The importance Peres placed on education meant that he recognised ORT’s significance. In 1986, as Prime Minister, he told the World ORT Congress:
“I truly believe that ORT is one of the most important organisations in Jewish life… and I believe also that ORT has made the most valuable contribution to our young generation by its operations in challenging, demanding and far-away places, where it has taken science and technology to what it recognises to be the generations of hope for Jewish life and for the State of Israel.”
He went on: “Not only what you do in Israel but what you do abroad in Jewish life is of great importance because we are facing two major problems: not enough Jewish people are coming to Israel and, alas, too many Jewish people are leaving Judaism. For these two reasons we have to emphasise education – both scientific and Jewish – as a major challenge for the future.”
In 1993, this time as Foreign Minister, Peres again addressed the World ORT Congress. ORT was “deep and serious in our life”, he said, before noting that there were two kinds of countries in the Middle East, the holy and the oily – and that Israel clearly did not belong in the latter category.
“We took a country that was a desert from every possible point of view, so the only way to overcome the desert was really by education, by science, by technology, by human motivation, human pioneering,” he said.
Twenty-two years later, Peres reiterated the importance he placed on technology education when he met students from World ORT-affiliated schools in Kiryat Yam who had come to Beit HaNassi to watch the launch of Israel’s Amos 3 satellite.
“He talked about how important technology is in our society and said he hoped that we would study it and work in Israel’s high-tech sector,” said one of those students, Din Maransev.
In August 2012, the inter-relationship between security and education became clear with Peres’s participation in the opening of the new rocket-proof campus at World ORT-affiliated Sha’ar HaNegev High School.
The new campus meant the end of 12 years of students and teachers sprinting into shelters whenever a ‘red alert’ warned of incoming missiles from Gaza, just a couple of miles away.
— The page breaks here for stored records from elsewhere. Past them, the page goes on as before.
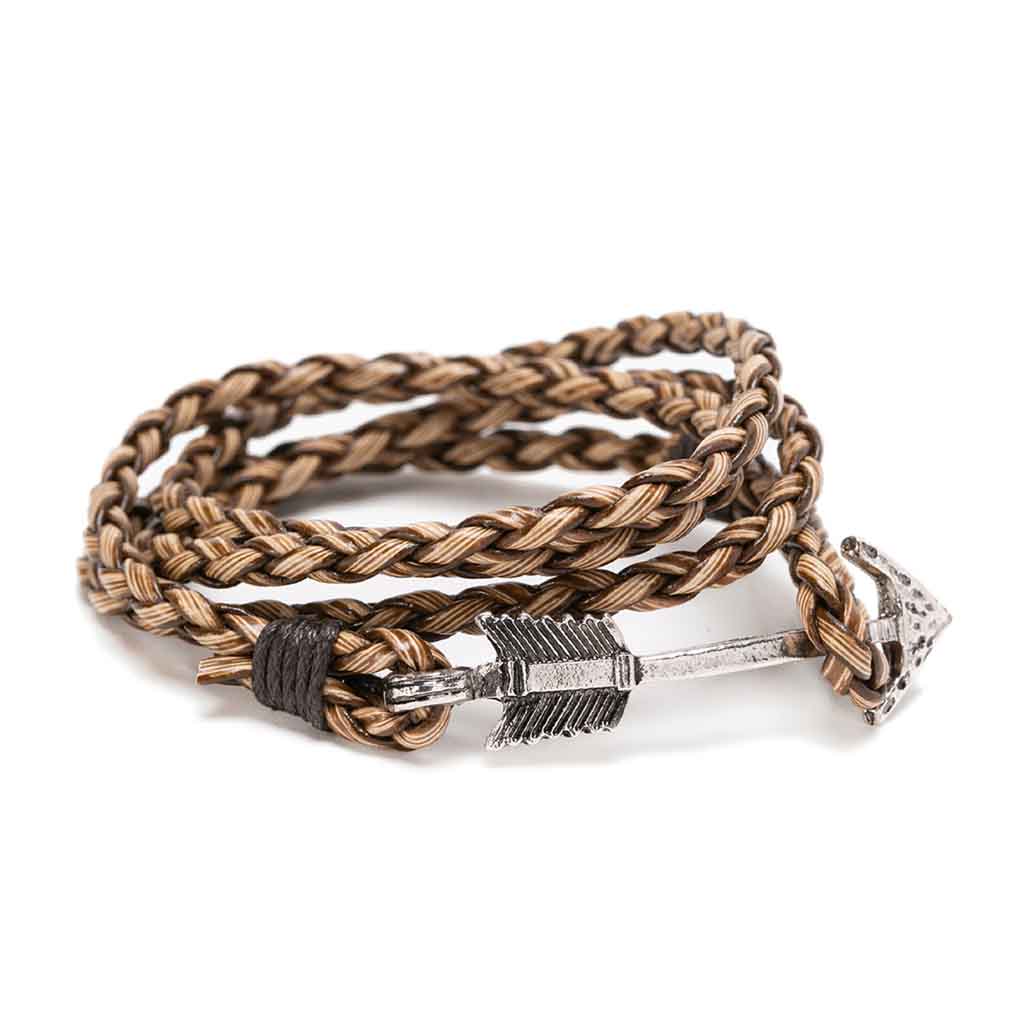 Pulsera Para Hombre Mujer De Pvc Y Flecha De Bronce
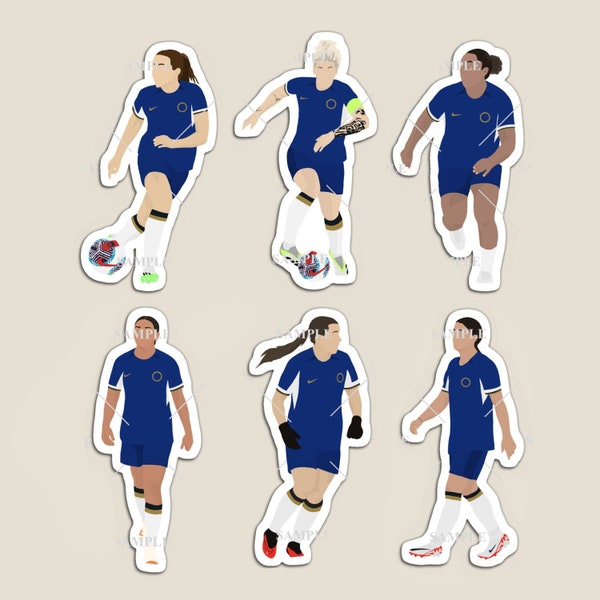 Chelsea Women 2023/24 Football Players Stickers or Magnets (Carter, Bright, Kerr, James, Reiten & Kirby)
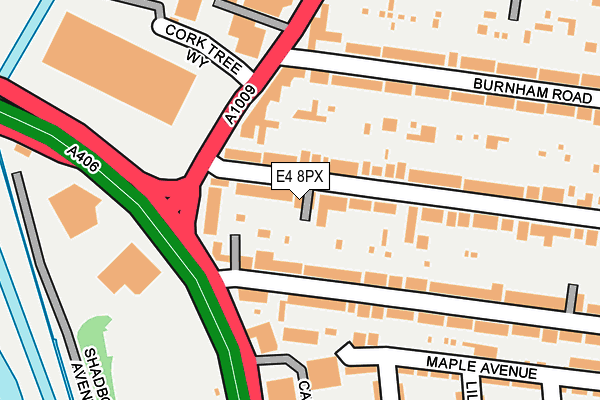 E4 8PX map - OS OpenMap – Local (Ordnance Survey)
Now they could continue their lessons without fear.
Peres, who was now President, joined the 1,200 students at the campus which had been built next to the old one in a defiant message to the terrorists who had been trying to render their home uninhabitable.
“I’m proud of you,” the President wrote on a special message board, saying later that the students had displayed “steadfastness in learning, achievements and creativity”.
“This fortified school inaugurated today is the least that can be done for you. In response to the rockets you are making a strong statement,” he added.
To the world, Peres may be best known as a Nobel Peace laureate and his work for peace and mutual understanding featured in his major addresses to World ORT congresses. But it was a task which he saw as extending beyond the realm of diplomacy and into civil society; it was part and parcel of a general desire for social and economic development.
“The world has changed,” he concluded in his 1993 address to the World ORT Congress. “There is so little to do with missiles and planes and so much to do with schools and education. We also have to get rid of old prejudices and not to take all the disputes as a permanent presence of an ongoing future. Alas, people prefer to remember rather than to think. It is not a time of remembrance. It is a time of thinking. It is because of it that we attach so much importance to your organisation.
“We cannot change the Land of Israel, the size of it, so we are changing the population with an immigration from Russia, with our own rate of birth, with an immigration from other places. We cannot enrich the land with gold and silver and oil. We can have enriched people enriching the land. We don’t want to be just a fighting nation; we want to be a winning nation, to offer to neighbours, close and far away, a new hope and a new example, to tell them that even a desert is not a must, you can cross it once in 40 years and then in another 40 years make out of it a garden.
“It is here where the most important promise and the major call of our time resides, and let’s do a job which fits the need of our time and that promises a future for our children.”